Il appert que les grands portefeuilles se méfient de plus en plus des bons du Trésor américain. Et que l'euro conserve l'essentiel de sa valeur malgré la crise de la dette en Europe, sous l'action des détenteurs de titres de créance américains cherchant à se diversifier davantage. LEAP/E2020 a déjà prévu la crise systémique, puis son extension à la dette souveraine. Le groupe prônant l'avènement de l'Euroland parle du prochain grand choc, celui de la dette fédérale américaine, avec la disparition de quelque 15 000 milliards de dollars d'éléments d'actif fantômes commençant à l'automne.
Dans sa lettre estivale de Global Europe Anticipation Bulletin, LEAP/E2020 annonce le début de cette troisième grande phase de la crise systémique mondiale ayant éclaté en 2008. «Dernière alerte avant le choc de l'automne 2011: quand 15 000 milliards $US d'actifs financiers partiront en fumée», avertissent les adeptes d'un gouvernement mondial. Le groupe avait sonné l'alerte d'une crise systémique globale dès 2006. Puis en février 2008, il parlait d'une phase d'effondrement de l'économie réelle aux États-Unis avec, pour cible, un troisième trimestre de 2008 marquant un nouveau point d'inflexion dans le développement de la crise mondiale. La faillite de Lehman Brothers en septembre 2008 est retenue comme étant le point de départ de la crise financière ayant alimenté la Grande Récession.

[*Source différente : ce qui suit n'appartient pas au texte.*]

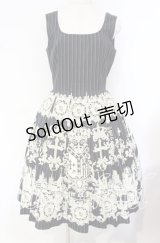 Juliette et Justine / アンプラント デュ ラ ジュネーズ ジャンパースカート 1 グリーン×ネイビー O-25-10-16-021-CL-OP-IG-OS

Dans sa dernière édition, LEAP 2020 soutient que nous sommes à l'orée du second semestre 2011, «avec une économie mondiale en plein désarroi, un système monétaire global de plus en plus instable et des places financières qui sont aux abois, tout cela malgré les milliers de milliards en argent public investis pour éviter précisément ce type de situation. L'insolvabilité du système financier mondial, et au premier chef du système financier occidental, revient à nouveau sur le devant de la scène après un peu plus d'une année de politiques cosmétiques visant à noyer ce problème fondamental sous des tombereaux de liquidités».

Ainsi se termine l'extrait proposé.